# AMT



## angin (10 mo ago)

Hi good morning...would appreciate your help with the following...
In the past, I always attached to form 1116 a Supporting schedule showing carryovers etc, as follows..


Tax year.... Foreing tax Utilized Carryover
(example) 3000 800 2200



AMT
Tax year Foreign tax Utilized Carryover
(example) 3000 0 3000


With the introduction in 2021 of Form 1116 Schedule B one can show all carryovers from previous years, but what about the AMT...must a separate Supporting schedule be used.....or is it not necessary.. would only the schedule B with the carryovers be sufficient?
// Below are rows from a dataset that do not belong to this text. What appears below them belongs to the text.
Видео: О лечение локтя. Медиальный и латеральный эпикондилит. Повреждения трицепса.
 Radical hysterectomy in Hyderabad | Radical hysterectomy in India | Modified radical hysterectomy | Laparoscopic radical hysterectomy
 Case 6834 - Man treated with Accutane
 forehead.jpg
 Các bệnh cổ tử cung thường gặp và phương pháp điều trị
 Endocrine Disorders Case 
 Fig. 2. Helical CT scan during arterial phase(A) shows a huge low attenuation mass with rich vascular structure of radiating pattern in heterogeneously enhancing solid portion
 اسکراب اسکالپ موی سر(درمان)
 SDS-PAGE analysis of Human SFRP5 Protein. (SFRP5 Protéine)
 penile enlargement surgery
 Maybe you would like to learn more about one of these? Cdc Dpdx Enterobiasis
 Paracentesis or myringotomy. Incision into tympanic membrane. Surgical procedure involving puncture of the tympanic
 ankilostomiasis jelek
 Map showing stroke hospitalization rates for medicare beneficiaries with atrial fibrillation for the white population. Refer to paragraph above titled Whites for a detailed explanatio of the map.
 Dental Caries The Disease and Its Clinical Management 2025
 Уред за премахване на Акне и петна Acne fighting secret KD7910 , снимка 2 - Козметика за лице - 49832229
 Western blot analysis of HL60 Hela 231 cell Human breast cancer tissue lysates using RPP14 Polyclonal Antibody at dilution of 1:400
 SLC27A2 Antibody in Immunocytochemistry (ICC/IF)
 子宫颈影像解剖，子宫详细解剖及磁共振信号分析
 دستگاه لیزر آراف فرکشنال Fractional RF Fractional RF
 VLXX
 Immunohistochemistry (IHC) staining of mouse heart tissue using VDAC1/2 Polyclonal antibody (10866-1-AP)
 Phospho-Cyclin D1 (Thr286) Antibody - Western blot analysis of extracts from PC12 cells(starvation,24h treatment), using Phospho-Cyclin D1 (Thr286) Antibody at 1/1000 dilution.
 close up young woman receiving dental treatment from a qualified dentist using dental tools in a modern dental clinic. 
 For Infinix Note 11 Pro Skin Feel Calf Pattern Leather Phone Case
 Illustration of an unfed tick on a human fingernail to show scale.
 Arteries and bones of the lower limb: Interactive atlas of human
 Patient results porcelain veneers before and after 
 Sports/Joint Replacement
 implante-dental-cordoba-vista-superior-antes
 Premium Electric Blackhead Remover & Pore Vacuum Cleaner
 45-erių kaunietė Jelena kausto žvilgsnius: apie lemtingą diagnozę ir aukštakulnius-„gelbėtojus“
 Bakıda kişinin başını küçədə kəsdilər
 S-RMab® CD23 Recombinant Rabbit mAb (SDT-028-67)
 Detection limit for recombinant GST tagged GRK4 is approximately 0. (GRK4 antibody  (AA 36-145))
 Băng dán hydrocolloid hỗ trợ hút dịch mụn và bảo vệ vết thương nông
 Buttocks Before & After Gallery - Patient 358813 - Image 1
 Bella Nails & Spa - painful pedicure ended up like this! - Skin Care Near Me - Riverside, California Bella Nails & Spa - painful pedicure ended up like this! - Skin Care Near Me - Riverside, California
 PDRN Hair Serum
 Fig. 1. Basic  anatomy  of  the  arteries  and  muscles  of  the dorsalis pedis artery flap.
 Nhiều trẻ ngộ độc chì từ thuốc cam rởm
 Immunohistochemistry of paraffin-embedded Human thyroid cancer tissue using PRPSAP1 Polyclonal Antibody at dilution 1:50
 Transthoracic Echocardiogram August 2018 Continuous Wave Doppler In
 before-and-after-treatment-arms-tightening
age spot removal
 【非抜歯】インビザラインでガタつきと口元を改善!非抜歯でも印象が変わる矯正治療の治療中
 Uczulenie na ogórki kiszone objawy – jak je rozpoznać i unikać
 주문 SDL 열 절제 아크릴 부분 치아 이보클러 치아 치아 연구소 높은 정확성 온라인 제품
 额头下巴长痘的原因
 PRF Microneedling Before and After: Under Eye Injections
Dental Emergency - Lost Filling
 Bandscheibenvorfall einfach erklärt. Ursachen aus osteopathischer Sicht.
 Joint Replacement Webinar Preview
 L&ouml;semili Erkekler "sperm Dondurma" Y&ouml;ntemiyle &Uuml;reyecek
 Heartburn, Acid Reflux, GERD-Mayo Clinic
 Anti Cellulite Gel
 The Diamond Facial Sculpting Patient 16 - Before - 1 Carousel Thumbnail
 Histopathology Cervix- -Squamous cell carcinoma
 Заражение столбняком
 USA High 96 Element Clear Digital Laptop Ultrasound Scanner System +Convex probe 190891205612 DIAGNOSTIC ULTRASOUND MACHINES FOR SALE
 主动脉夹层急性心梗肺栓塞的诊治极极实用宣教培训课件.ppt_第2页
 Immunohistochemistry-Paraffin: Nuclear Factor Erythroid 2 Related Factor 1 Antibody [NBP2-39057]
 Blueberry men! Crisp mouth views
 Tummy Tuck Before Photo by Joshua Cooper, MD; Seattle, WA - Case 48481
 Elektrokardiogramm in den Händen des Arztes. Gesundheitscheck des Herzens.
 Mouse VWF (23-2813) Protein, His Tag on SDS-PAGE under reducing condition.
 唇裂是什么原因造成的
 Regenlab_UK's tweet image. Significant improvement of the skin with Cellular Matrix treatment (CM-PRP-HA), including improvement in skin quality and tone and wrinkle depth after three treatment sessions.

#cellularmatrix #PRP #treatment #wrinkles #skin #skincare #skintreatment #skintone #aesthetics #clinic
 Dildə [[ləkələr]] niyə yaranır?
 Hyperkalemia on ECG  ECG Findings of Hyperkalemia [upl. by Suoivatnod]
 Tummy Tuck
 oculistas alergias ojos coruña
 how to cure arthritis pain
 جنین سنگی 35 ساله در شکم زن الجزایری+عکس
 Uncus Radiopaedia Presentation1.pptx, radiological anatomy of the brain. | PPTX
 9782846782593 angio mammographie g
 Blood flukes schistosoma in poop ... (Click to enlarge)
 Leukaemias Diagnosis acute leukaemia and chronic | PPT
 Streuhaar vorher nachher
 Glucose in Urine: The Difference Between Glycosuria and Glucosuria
I hear AMT is for high worth individuals....in my case...at most 25000$ yearly 2 pensions SS. I don,t use software, I prepare and print my returns by downloading forms etc at home.
Thanks so much...


----------



## Moulard (Feb 3, 2017)

Hope this answers your question even if in a rather round about way...

Anyone who uses Form 1116 is required to complete, but not necessarily submit Form 6251. You only need to attach Form 6251 to your tax return if the AMT Tax amount that is spit out is greater than 0. 

If it is, then you have to prepare both standard and AMT versions of Form 1116 (including the new schedules) along with Form 6251.

Given the AMT income amounts are not indexed for inflation, it is not too difficult to be caught in the AMT nexus at least as far as having extra paperwork to submit but the threshold for actually owing AMT rather than the standard tax rates is a different matter.

Basically, prepare your 1040... copy the numbers at key lines into Form 6251.. if the outcome is 0 then you can ignore the AMT and the AMT version of Form 1116 and its schedule B.

Where it gets interesting is that if you ever had to submit AMT versions of form 1116 in the last 10 years but do not have to file an AMT version in the current year.

If you were in that position, then I think I would just attach a copy of the carryover worksheet for the AMT versions...to show that there are AMT taxes that are being carried over.

If you ever had to file AMT versions there would at least be an audit trail that showed you calculated the carryover amount in the past.


----------



## angin (10 mo ago)

My AMT carryovers were always 0.....thank you


----------



## Moulard (Feb 3, 2017)

Then I think you can safely ignore AMT until such time as Part II of Form 6251 spits out an AMT value above 0 on what is currently line 11.

If, and when that happens you create a second set for Form 1116 using the AMT tax amount and would attach the AMT versions of those the form for each category of income along with an AMT version of schedule B.


----------



## angin (10 mo ago)

Thanks so much and have a great 2023..


----------